▸ What the task asks
Drop the images, then output the listing exactly.

▸ Input data
----------------
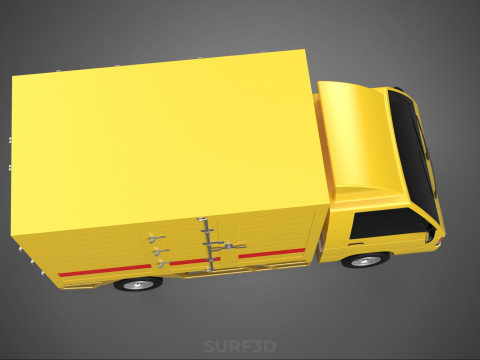 DHL CARGO BOX TRUCK PICKUP FREIGHT CUBE VAN CAR COURIER PARCEL 3D Model
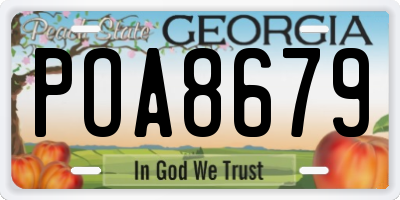 GA license plate POA8679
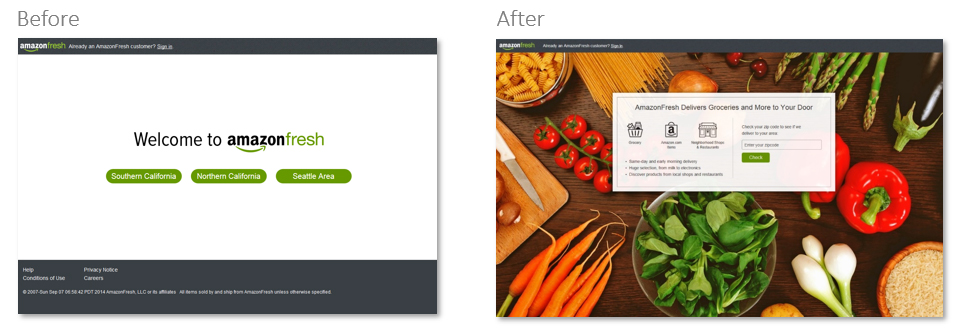 Fresh before and after images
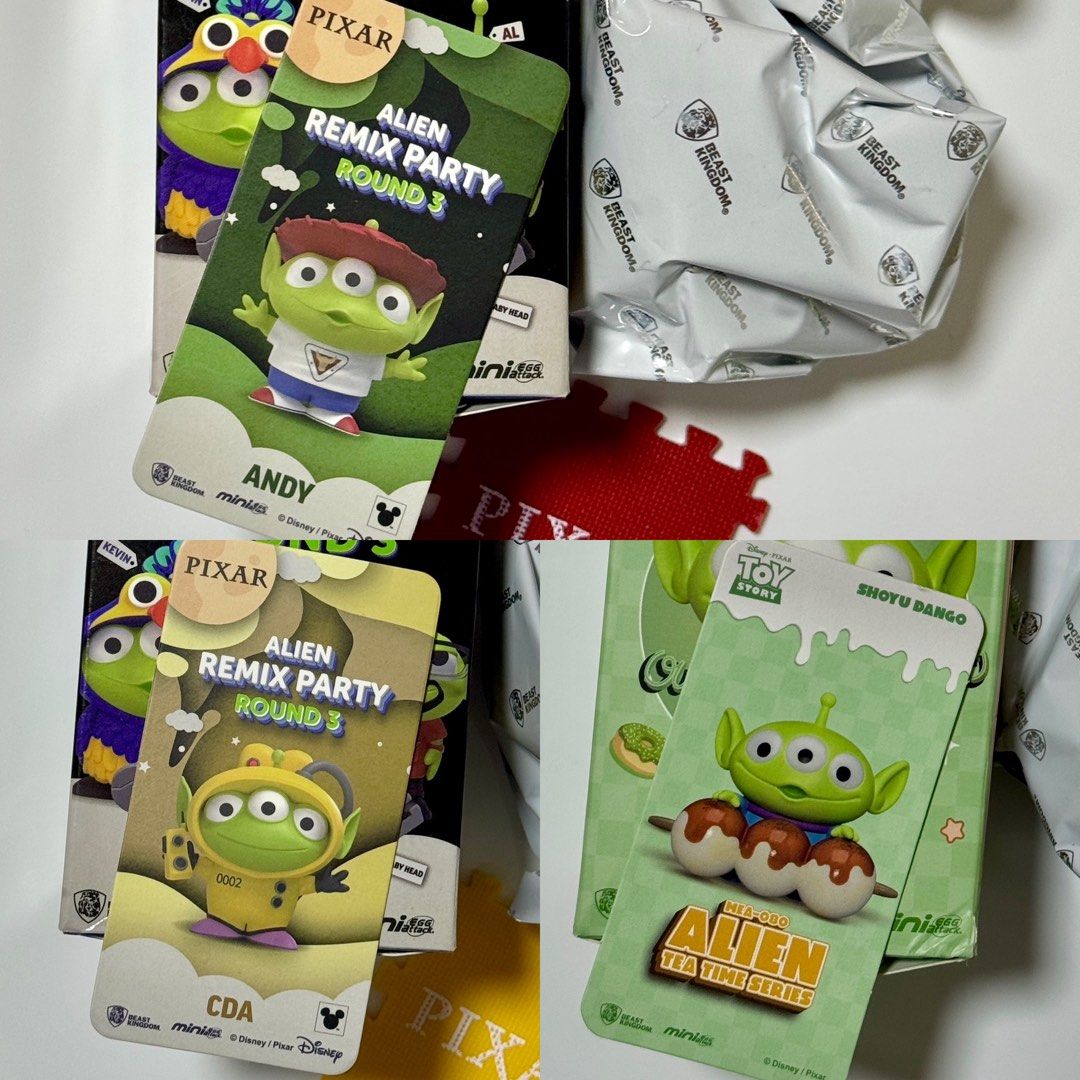 Pixar Toy Story Alien Blindbox (per item) (Category: Designer & Blind Box Toys) located in Makati City. Submitted by crayonf5 (Listing ID 1405720776, Image 1). Description: FOR SALE: Alien Remix 3 - Andy Alien Remix 3 - CDA Alien Tea Time - Shoyu Dango Php 500 EACH Sealed Foil Payment: BDO / GCash Shipping: Grab / Lalamove (buyer's expense) Location: Makati.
----------------
▸ Completed task
 DHL CARGO BOX TRUCK PICKUP FREIGHT CUBE VAN CAR COURIER PARCEL 3D Model
 GA license plate POA8679
 Fresh before and after images
 Pixar Toy Story Alien Blindbox (per item) (Category: Designer & Blind Box Toys) located in Makati City. Submitted by crayonf5 (Listing ID 1405720776, Image 1). Description: FOR SALE: Alien Remix 3 - Andy Alien Remix 3 - CDA Alien Tea Time - Shoyu Dango Php 500 EACH Sealed Foil Payment: BDO / GCash Shipping: Grab / Lalamove (buyer's expense) Location: Makati.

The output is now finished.